### MATERIALS PROVIDED ###

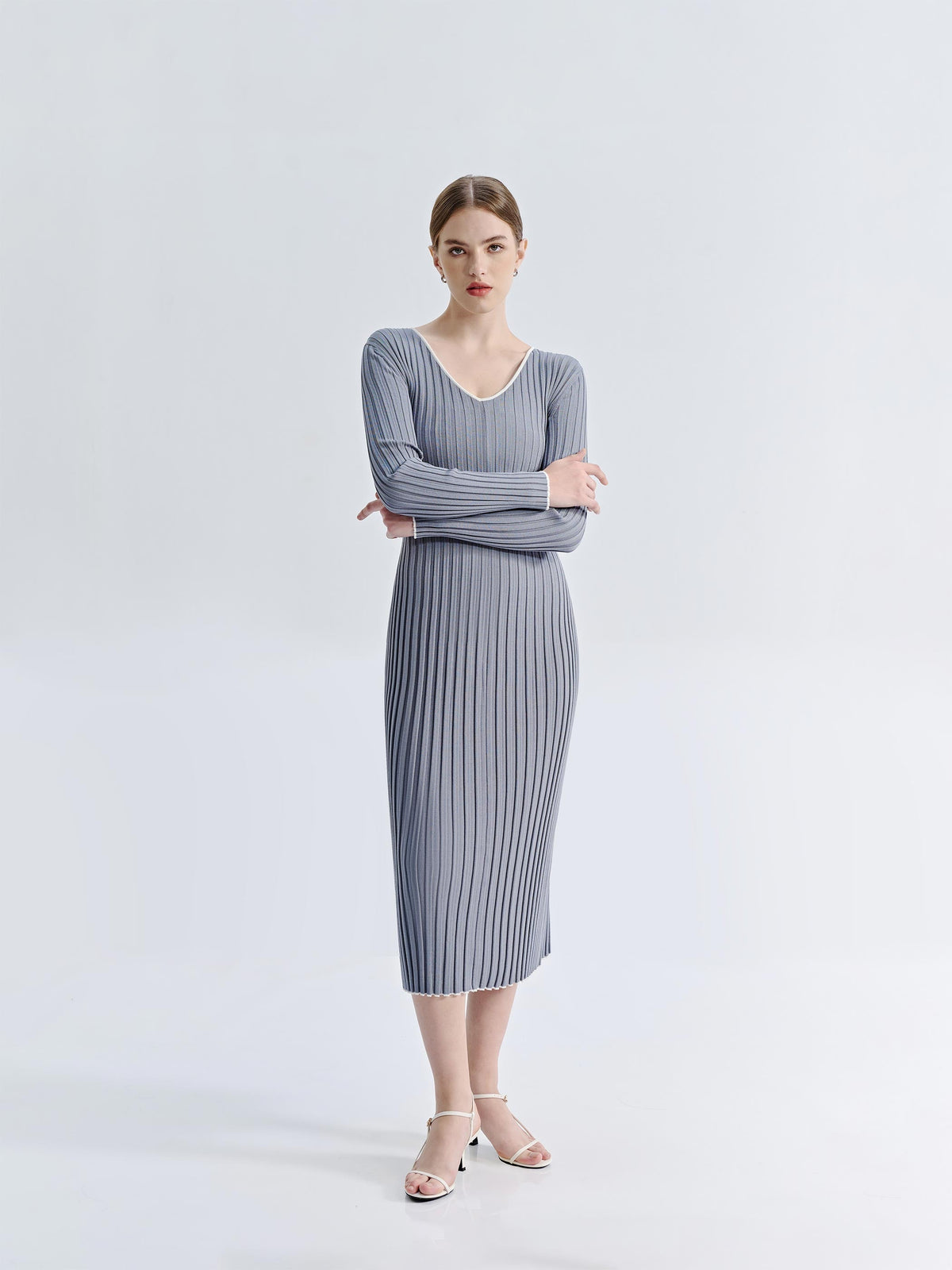 ASHA V NECK KNIT DRESS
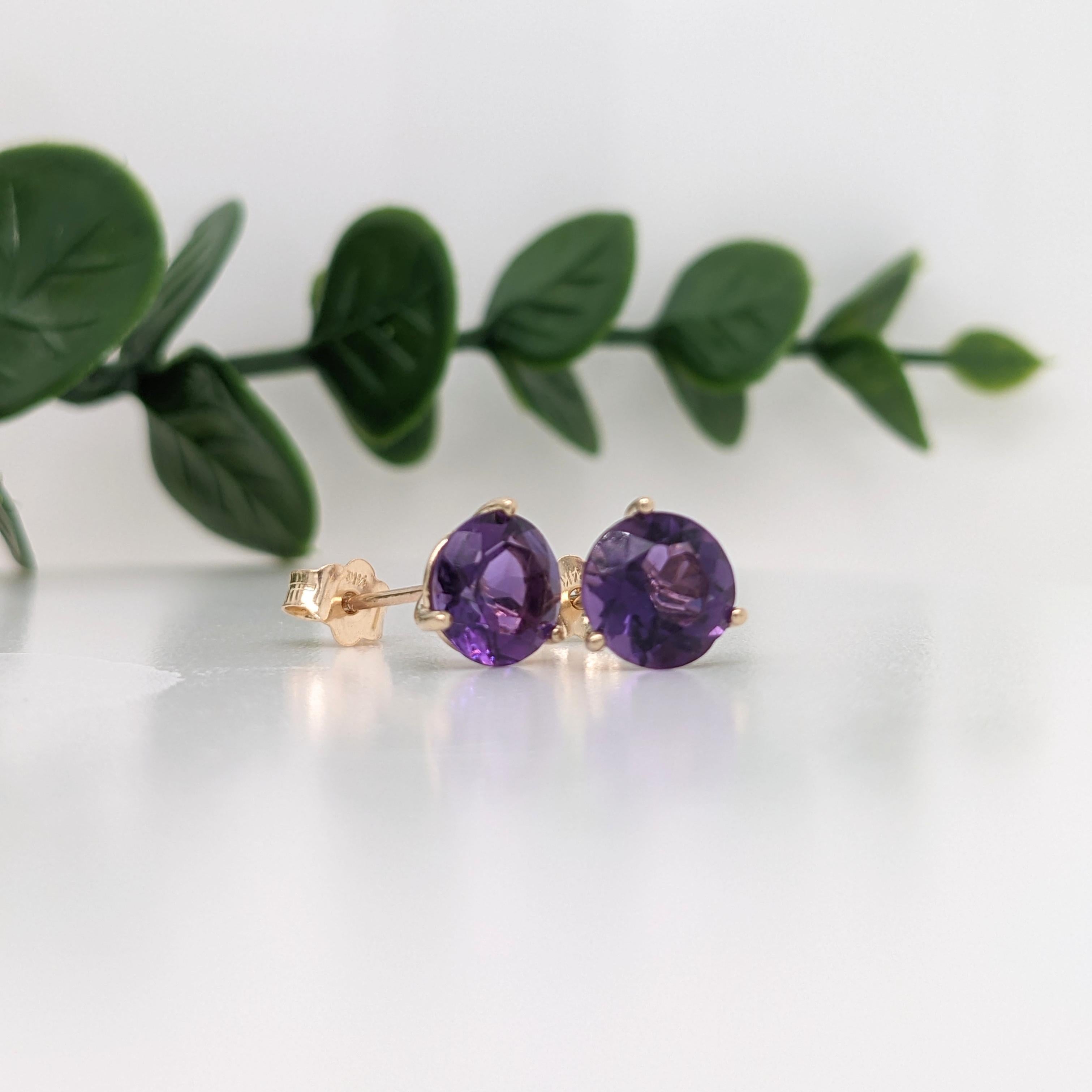 Moderno Orecchini solitari in oro massiccio 14K con ametista Martini, tondi 7 mm in vendita
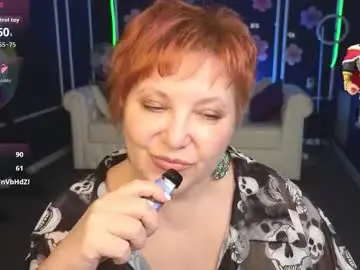 Chaturbate Live Sex Cam of kira_kennet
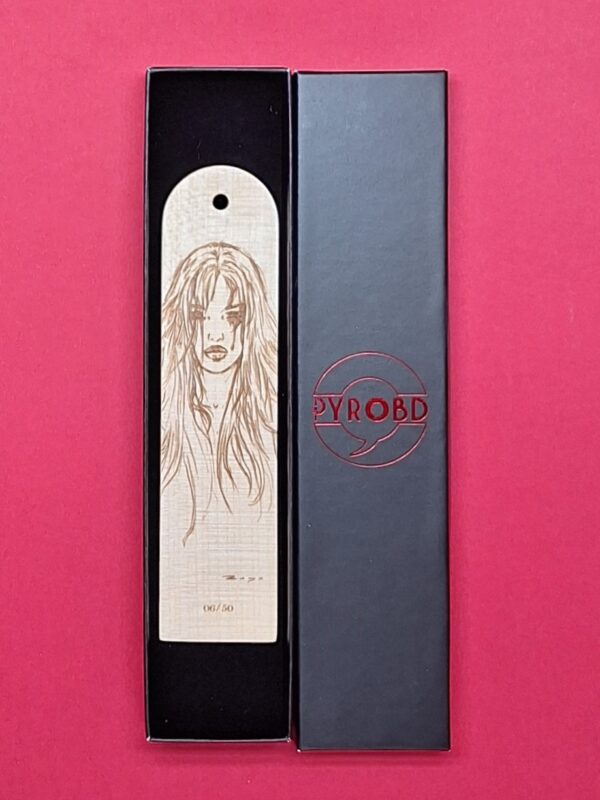 Marque-page Luz en portrait par Luis Royo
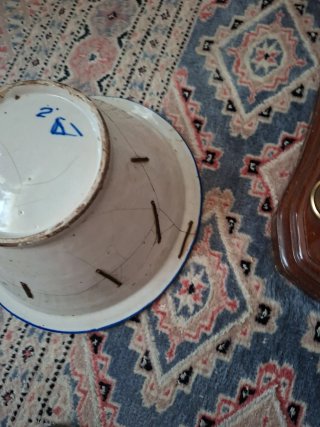 Cuenco de cerámica antiguo pintado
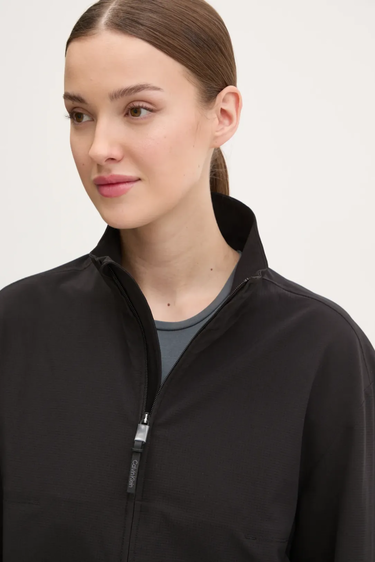 Vetrovka CALVIN KLEIN Calvin Klein - Performance Woven Cropped Jacket Čierna | LVGWS5O502-UB1, 2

###

**REQUIRED ACTION:** Print all of the entries word for word. Omit the pictures they contain.

**SOLUTION FOR THIS PROBLEM:**
 ASHA V NECK KNIT DRESS
 Moderno Orecchini solitari in oro massiccio 14K con ametista Martini, tondi 7 mm in vendita
 Chaturbate Live Sex Cam of kira_kennet
 Marque-page Luz en portrait par Luis Royo
 Cuenco de cerámica antiguo pintado
 Vetrovka CALVIN KLEIN Calvin Klein - Performance Woven Cropped Jacket Čierna | LVGWS5O502-UB1, 2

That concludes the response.